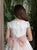 Classic Spanish Communion Gown Marla R251
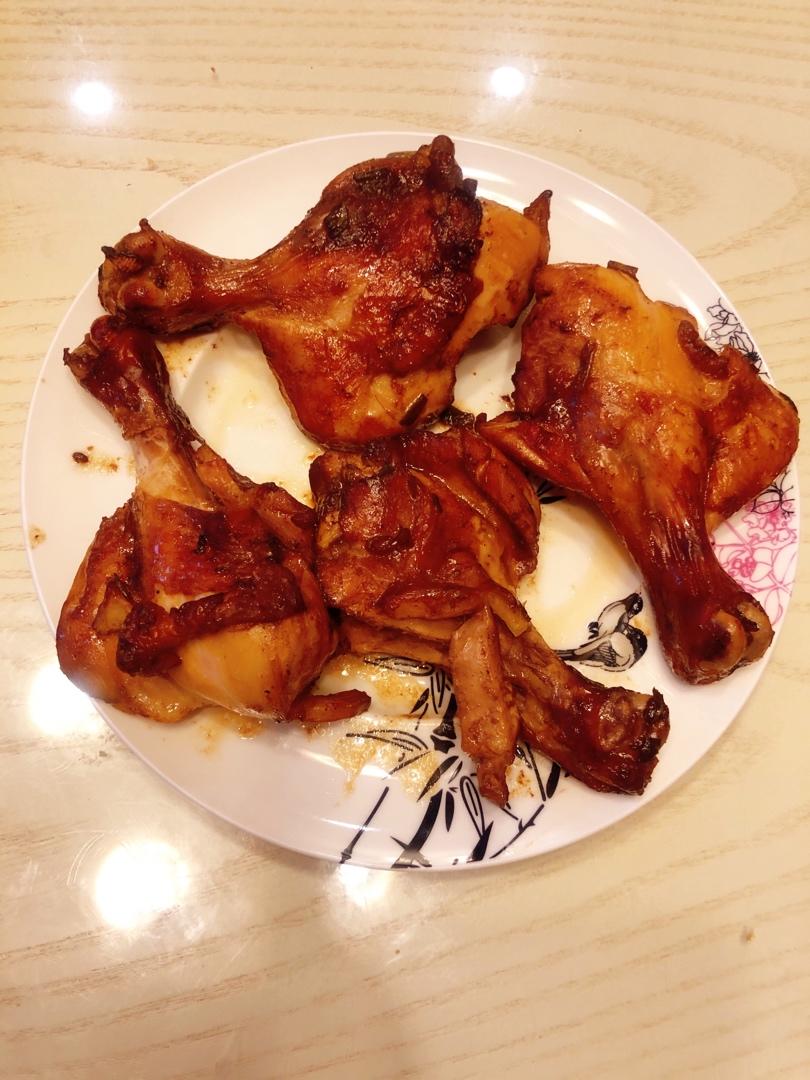 专业烤鸡腿二十年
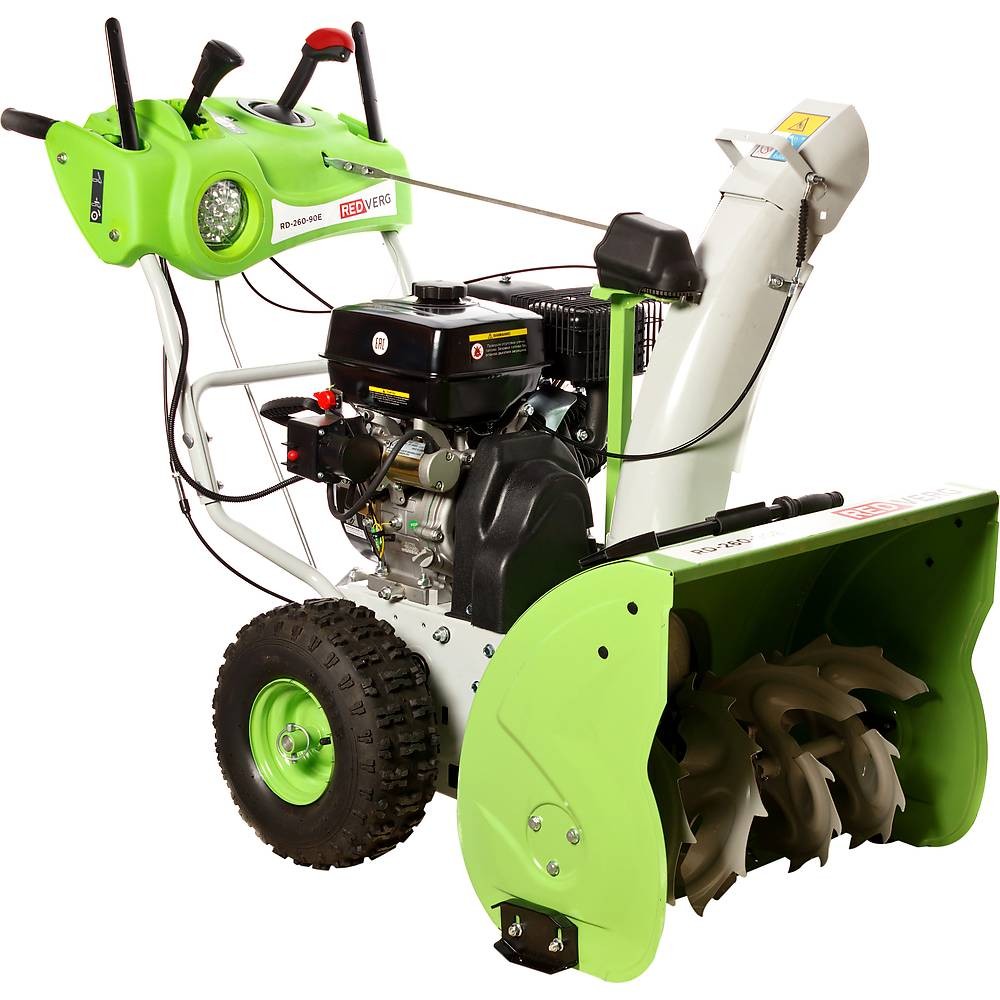 Бензиновый снегоуборщик REDVERG RD-260-90E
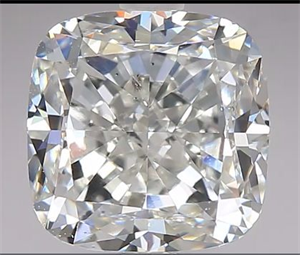 Foto Diamante Natural 2.01 quilates, Del cojín , Color I, claridad SI2 y certificado GIA de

### Your instructions
Leave the pictures aside and print exactly, and only, the lines from the one with "Бензиновый снегоуборщик REDVERG RD-260-90E" through the end of the data, both included.

### Result of the exercise
 Бензиновый снегоуборщик REDVERG RD-260-90E
 Foto Diamante Natural 2.01 quilates, Del cojín , Color I, claridad SI2 y certificado GIA de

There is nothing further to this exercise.